*** Extracted entries Section Begins ***

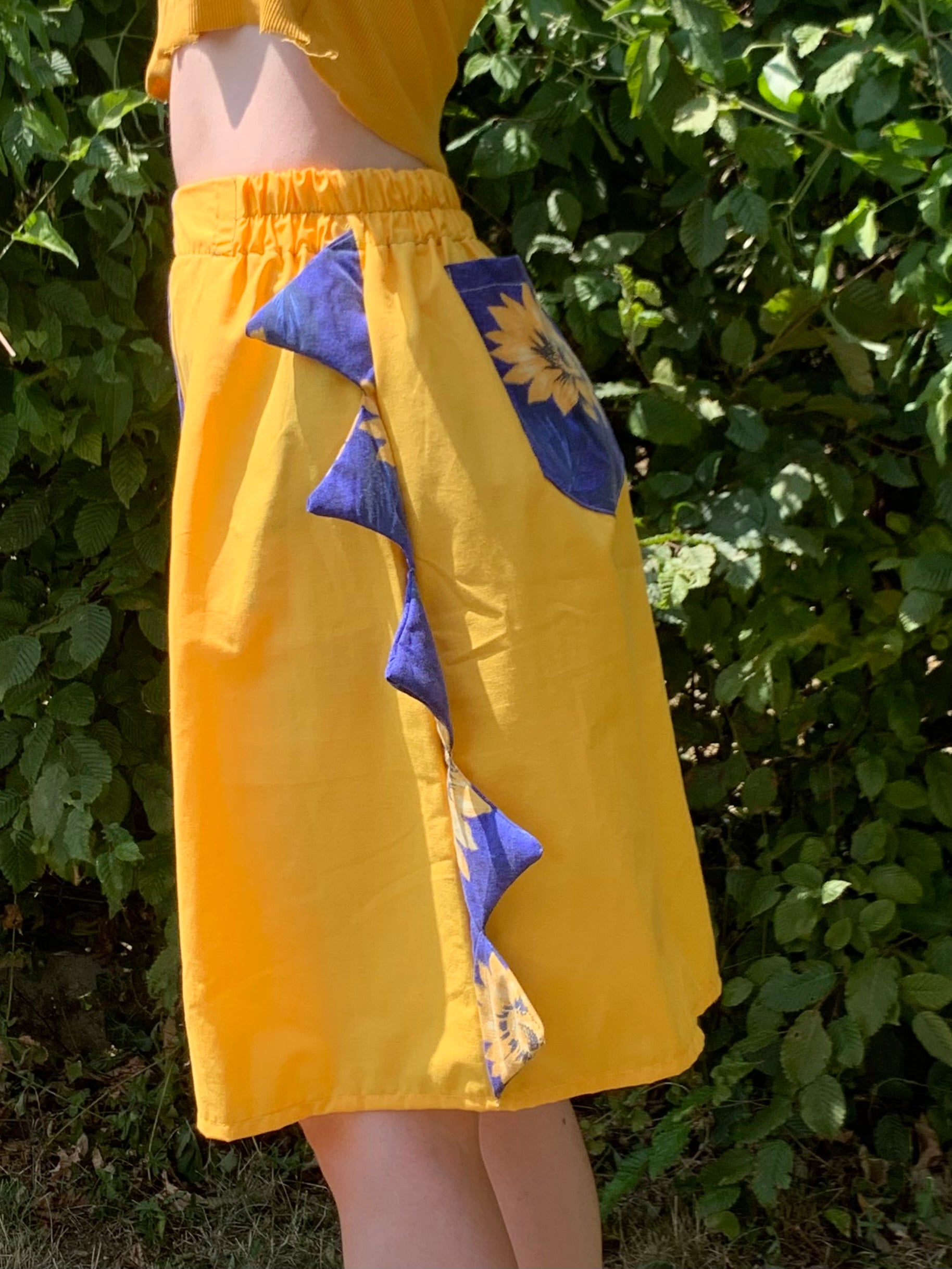 Short dino tournesol M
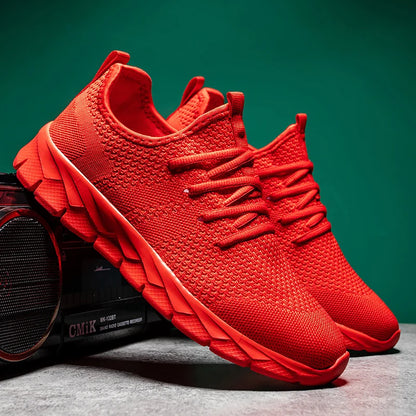 Men's shoes Four Seasons new plus size Flying weaving Lightweight Breathable Casual Sports Shoes Soft Sole Outdoor Running Shoes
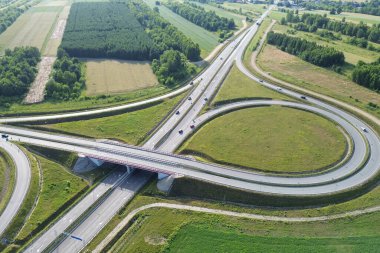Yükseltilmiş otoban köprüsünde arabalar ve kamyonlar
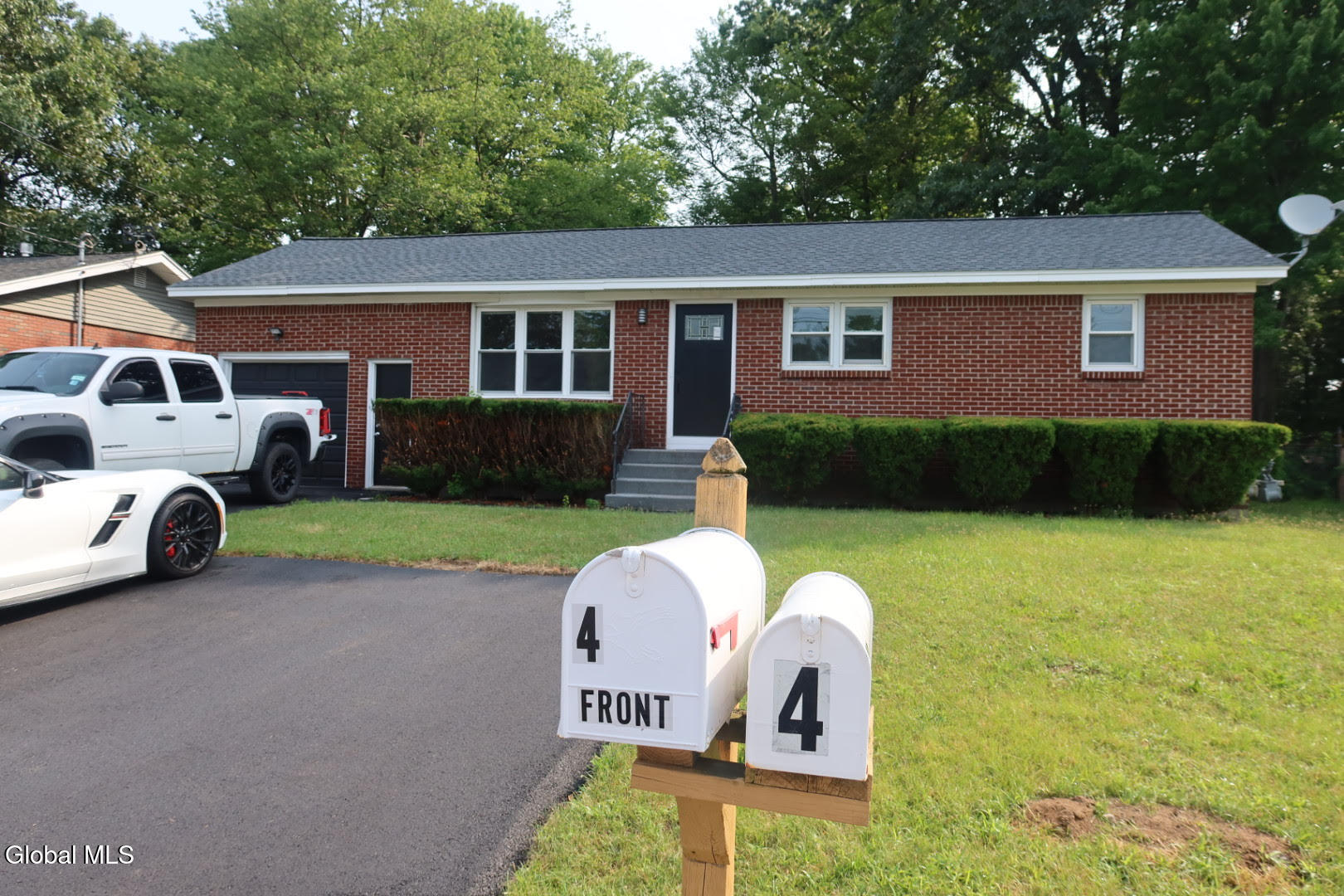 4 Eastwood Drive Albany NY 12205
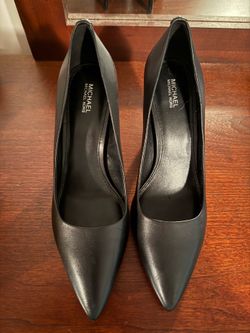 Michael Kors Black Pointed-Toe Pumps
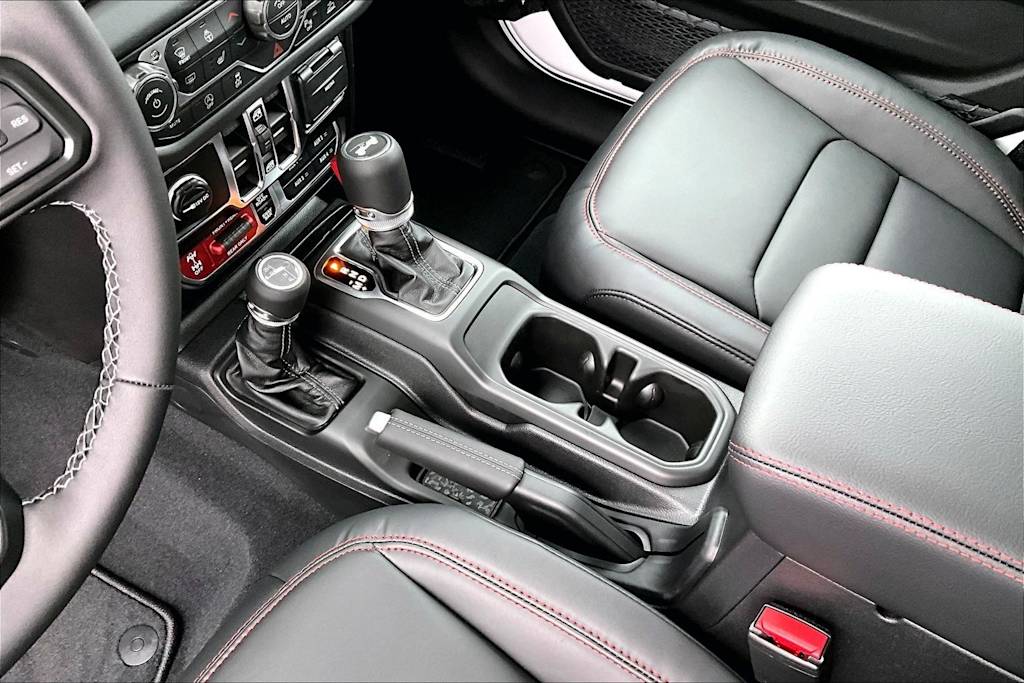 Thumbnail: 2026 Jeep Wrangler - 16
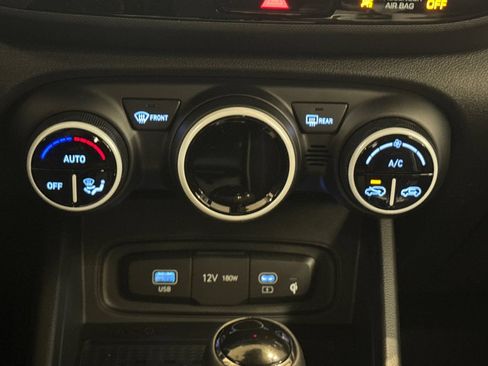 Used 2026 Hyundai Venue SEL FWD image 20
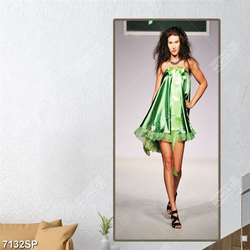 Tranh cô gái trẻ SP7132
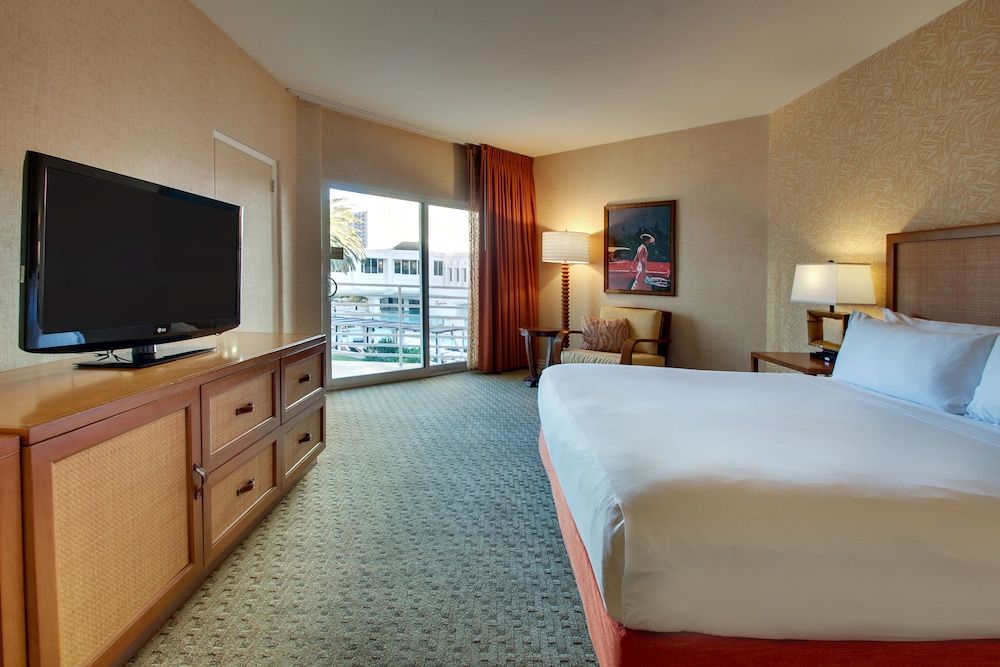 Tropicana Las Vegas - a DoubleTree by Hilton Hotel Room, 1 King Bed, Balcony, Garden View 6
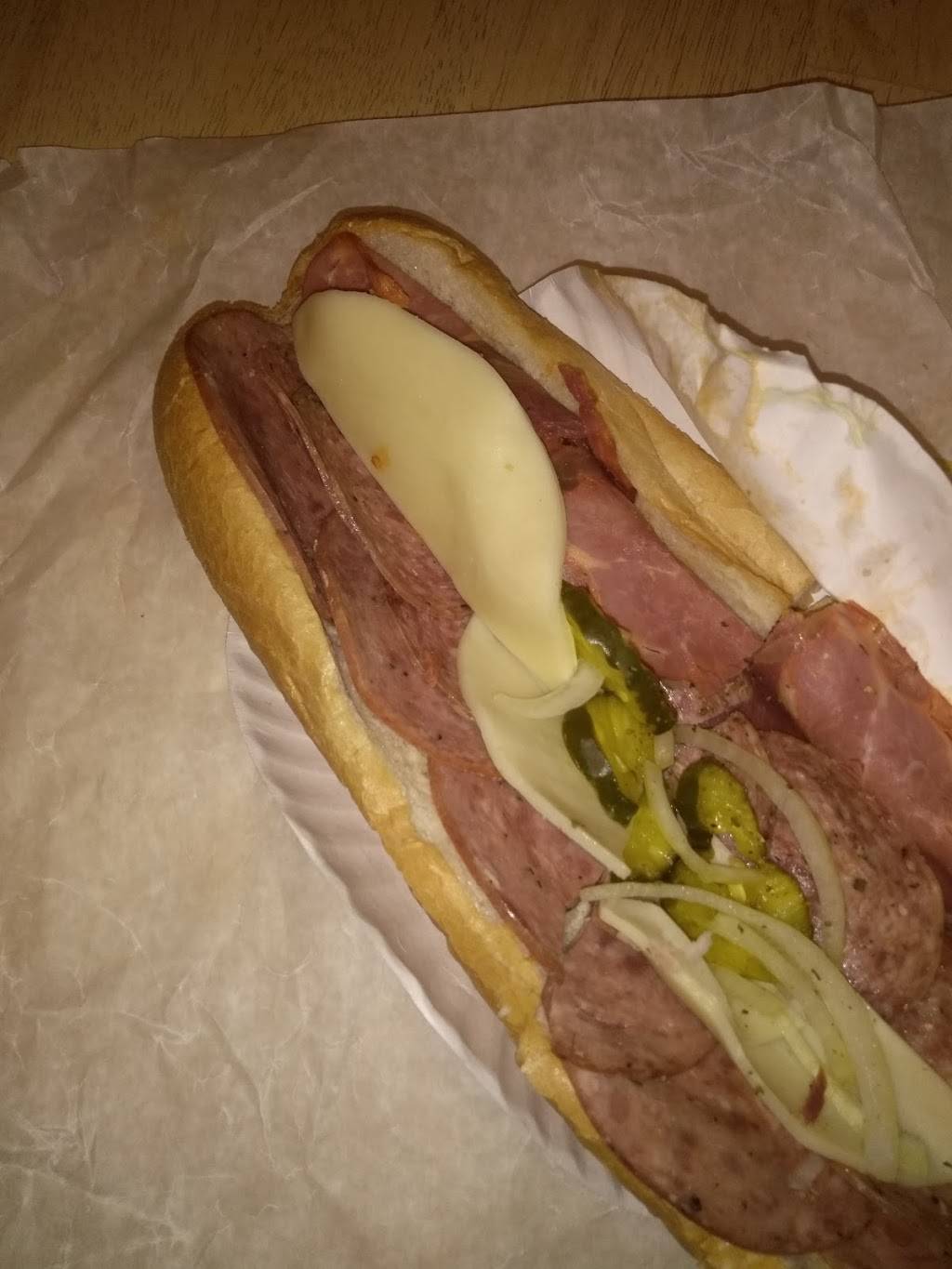 Primo Pizza | restaurant | 149 Parker Ave, Dracut, MA 01826, USA | 9789560343 OR +1 978-956-0343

*** Extracted entries Section Ends ***

#### [Problem]
Leaving out all pictures, repeat word for word the lines from the one containing "Michael Kors Black Pointed-Toe Pumps" through the final line of the material above.

#### [Answer space]
 Michael Kors Black Pointed-Toe Pumps
 Thumbnail: 2026 Jeep Wrangler - 16
 Used 2026 Hyundai Venue SEL FWD image 20
 Tranh cô gái trẻ SP7132
 Tropicana Las Vegas - a DoubleTree by Hilton Hotel Room, 1 King Bed, Balcony, Garden View 6
 Primo Pizza | restaurant | 149 Parker Ave, Dracut, MA 01826, USA | 9789560343 OR +1 978-956-0343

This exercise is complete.